Corowa-Rutherglen have named their youngest-ever debutant. At 15 years 7 months, the 180cm Will Chandler is apparently one out of the box and will be worth watching. He’s the son of former North Melbourne player Jeff, and has been plucked from the Under 16 competition.

The Rovers have also seen fit to promote their Thirds captain, Paul Sanderson – last year’s Leon Dean Medallist – and a highly-skilled small man. Surely, I surmise, as my eyes wander around the visitor’s rooms, this must be one of the Hawks’ youngest-ever sides…….


Chatting with a couple of old ‘Roos about their well-publicised plight, they say it hasn’t had too much of an effect on the attitude of the players . “They haven’t been too competitive on-field but off-field they’re as happy as Larry. It’s nothing that the infusion of a few players won’t fix. We won’t be going anywhere,” said one.

In their best performance this year, they fell short by only a couple of points against Wangaratta. Today’s is the best line-up they’ve fielded since then, and they admit, they’re quietly confident of doing okay today………


The Hawks were off to a flier. Within a minute or two of the start, captain Shane Gaston provided a big target down forward and, with a well-timed lead, cradled the Sherrin to his chest . A lovely pass, but an equally-impressive conversion, as the big fellah landed it over the goal-umpie’s head and it cascaded towards the gum trees.

Most of the early play had been in the Rovers-half of the ground, but when the ‘Roos grabbed the ball from a turn-over and rushed it forward, the locals were in raptures. The silky-smooth Chandler swooped and booted their first. What an entry to O & M ranks !

I happened to be standing alongside the iconic Jimmy Sandral – the triple Morris Medallist – who would have to be the most unaffected and humble champ you’d find. But you could detect that even Gentleman Jim’s chest was swelling with pride.

Especially when the lad kicked his second – and then third goals for the term. He was to go on and finish with five for the game. You had the feeling that, among the smouldering embers of Corowa-Rutherglen’s current misfortunes, fresh hope was born in this new star.

The Hawks’ recent goal-kicking woes ( they had kicked just 22 in the past 4 games) seemed a thing of the past, as they snagged six in the first term through a variety of avenues.

They led by three goals at quarter-time, but it was noticeable that the ‘Roos’ gun forward James Lawton had just started to impose himself on the contest, as had the talented Will Robinson.

Within minutes, during the second term, both were off the field. Robinson had a sprained ankle and  took no further part. Lawton returned in the third-quarter with a his knee heavily-strapped and was restricted.

He’s obviously a star, and still finished with three goals. I wonder what a difference he may have made had he been able to help out this young team for the full season.

The Hawks led by 28 points at the main break, but their opponents were snapping at their heels.
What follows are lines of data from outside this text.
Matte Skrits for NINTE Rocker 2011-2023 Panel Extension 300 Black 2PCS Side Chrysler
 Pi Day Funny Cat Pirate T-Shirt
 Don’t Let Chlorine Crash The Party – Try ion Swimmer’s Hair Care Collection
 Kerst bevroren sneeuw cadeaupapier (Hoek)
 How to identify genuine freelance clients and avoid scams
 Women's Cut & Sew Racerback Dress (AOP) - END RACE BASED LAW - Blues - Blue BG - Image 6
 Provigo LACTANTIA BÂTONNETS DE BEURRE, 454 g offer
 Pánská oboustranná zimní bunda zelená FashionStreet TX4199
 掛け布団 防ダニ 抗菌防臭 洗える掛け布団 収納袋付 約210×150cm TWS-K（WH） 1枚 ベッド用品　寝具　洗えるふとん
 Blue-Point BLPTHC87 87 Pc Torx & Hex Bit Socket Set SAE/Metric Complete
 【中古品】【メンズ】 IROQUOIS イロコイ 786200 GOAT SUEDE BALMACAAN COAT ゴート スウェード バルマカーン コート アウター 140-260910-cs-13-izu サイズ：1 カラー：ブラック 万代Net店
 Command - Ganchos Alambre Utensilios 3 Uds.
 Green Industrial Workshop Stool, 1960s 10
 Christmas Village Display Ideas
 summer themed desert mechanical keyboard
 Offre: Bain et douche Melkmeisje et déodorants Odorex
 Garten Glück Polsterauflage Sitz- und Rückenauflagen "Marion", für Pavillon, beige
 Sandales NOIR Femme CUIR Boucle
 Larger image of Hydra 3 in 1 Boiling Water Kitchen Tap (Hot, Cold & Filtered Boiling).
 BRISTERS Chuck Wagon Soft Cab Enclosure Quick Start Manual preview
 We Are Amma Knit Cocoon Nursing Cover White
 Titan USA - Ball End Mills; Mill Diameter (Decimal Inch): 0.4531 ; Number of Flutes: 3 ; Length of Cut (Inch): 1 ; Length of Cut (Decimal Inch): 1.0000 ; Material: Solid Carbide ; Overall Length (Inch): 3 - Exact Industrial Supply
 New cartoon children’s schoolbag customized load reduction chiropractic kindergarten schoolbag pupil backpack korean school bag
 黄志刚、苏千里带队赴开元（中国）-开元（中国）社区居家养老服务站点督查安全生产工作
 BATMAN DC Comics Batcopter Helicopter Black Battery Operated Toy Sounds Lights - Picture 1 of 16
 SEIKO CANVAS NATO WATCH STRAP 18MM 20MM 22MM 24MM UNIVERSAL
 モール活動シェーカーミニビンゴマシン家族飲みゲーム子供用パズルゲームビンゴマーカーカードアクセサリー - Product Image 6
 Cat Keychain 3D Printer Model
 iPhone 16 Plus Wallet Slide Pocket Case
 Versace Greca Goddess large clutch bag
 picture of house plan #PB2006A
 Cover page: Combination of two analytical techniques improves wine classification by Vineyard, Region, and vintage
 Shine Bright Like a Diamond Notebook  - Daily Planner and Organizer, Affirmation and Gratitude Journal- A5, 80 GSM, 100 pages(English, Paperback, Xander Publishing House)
It was proving an entertaining game and the ‘Roos certainly weren’t out of it.

They mounted a real challenge in the third term and reduced the margin to 15 points at one stage.

But within a matter of five minutes or so, the fight-back was snuffed.

It was possibly attributable to Shane Gaston’s period of dominance at the centre bounce. The Hawks swept the pill forward on three consecutive occasions and goals were booted after strong overhead marks by Chris Knowles, Jack Reiter and Simon Pane.

The result was that they led by 33 points at three quarter-time and had resumed complete control.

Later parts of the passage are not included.